It with great sadness that we have been informed that Elizabeth Macdonald Buchanan passed away on Friday. Elizabeth was a true champion for salmon & the wider fisheries community and brought a sparkle to all our lives.

She is remembered by her fellow Vice President of the Atlantic Salmon Trust, Andrew Wallace.

 “Elizabeth’s reputation as a larger than life character always preceded her but I first really got to know her in the mid-nineties when she, Jonathan Bulmer and I started work on setting up the West Coast Fisheries Trust network. That was the time when we recruited a promising young fellow from Manchester to one of the Trust posts. He was called Mark Bilsby!

It seems like another age now, but Elizabeth and Jonathan used the intoxicating backdrops of Inveran and Amhuinnsuidhe to raise money and bang heads together, all ably assisted by regular and extensive consignments from Berry Brothers. Elizabeth’s natural enthusiasm, combined with her bulging address book, her disarming (and occasionally disconcerting) frankness, and her formidable generosity, soon had the denizens of Wester Ross marching to her step. 
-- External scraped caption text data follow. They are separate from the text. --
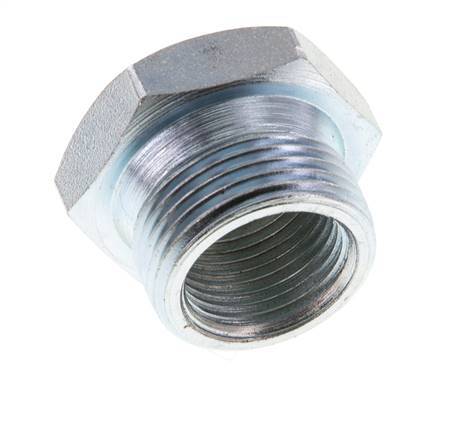 G 3/8'' x M22x1.5 F/M Zinc plated Steel Reducing Ring 250 Bar - Hydraulic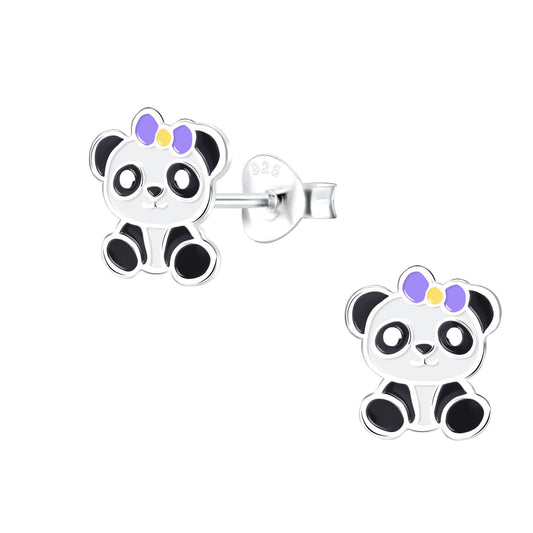 Kinder Ohrringe Panda aus 925 Silber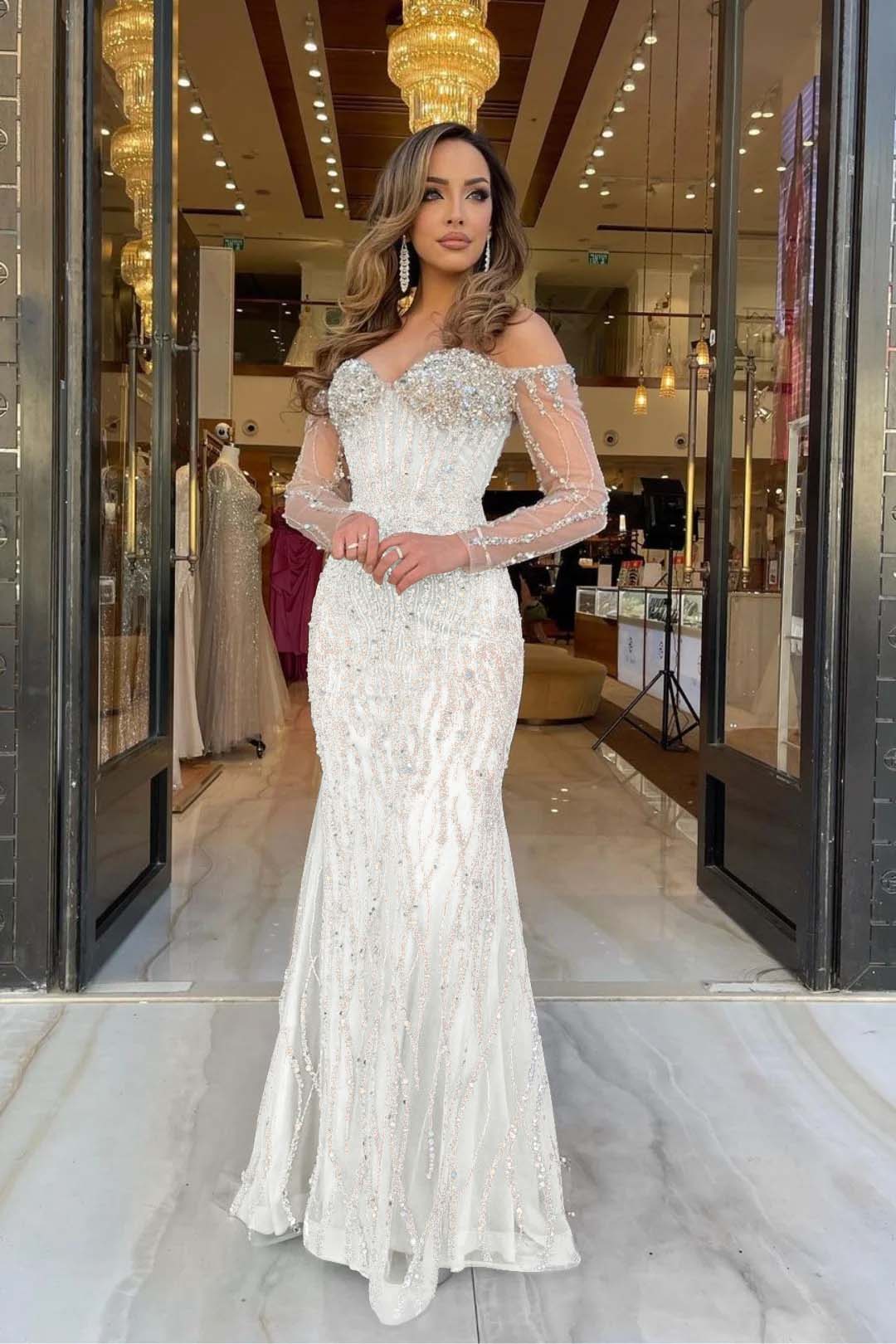 Champagne Mermaid Prom Dress Long Sleeve Off the Shoulder Sequined Formal Dress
Elizabeth was also huge fun to work with and her legendary use of the sort of Anglo-Saxon invective, that would have made even the most hard-bitten squaddie blanche, was often targeted at recalcitrant lairds or misbehaving fish farmers, with tremendous effect. 

But, above all, she was enormously generous, often surprisingly steely and shrewd, and utterly dedicated to the cause of saving the salmon. She and I latterly had the great privilege of becoming Vice Presidents of the Atlantic Salmon Trust, and it was in that capacity I last spoke to her and she asked me why I was not able to come to her 80th birthday “piss up” at Fishmongers’ Hall where she was on the Livery. There were very few people who could get away with describing an event in those hallowed surroundings as a “piss up”. It was one of those weeks when the diary looked impossible and I just could not make it work. Of course I now will always regret missing the opportunity to celebrate the last birthday of one of the salmon world’s national treasures. 
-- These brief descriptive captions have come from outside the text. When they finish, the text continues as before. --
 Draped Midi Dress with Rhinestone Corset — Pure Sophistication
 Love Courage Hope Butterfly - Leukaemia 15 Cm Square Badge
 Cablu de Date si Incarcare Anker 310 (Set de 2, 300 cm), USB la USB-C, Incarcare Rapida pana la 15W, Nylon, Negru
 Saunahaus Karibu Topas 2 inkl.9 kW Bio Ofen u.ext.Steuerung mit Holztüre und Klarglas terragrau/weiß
I hesitate to use those clichéd words: “they don’t make them like that anymore” but I suspect all those who knew Elizabeth would agree that if ever those words applied to anybody, it was her. For those privileged enough to know her, she seemed to provide a tantalising glimpse of a world that has now largely passed into history. 

I and many, many others will miss her humour, her irreverence, her kindness, and her own special brand of optimistic ebullience. The Atlantic salmon, and all who have an interest in the King of Fish, have much to be grateful to her for.”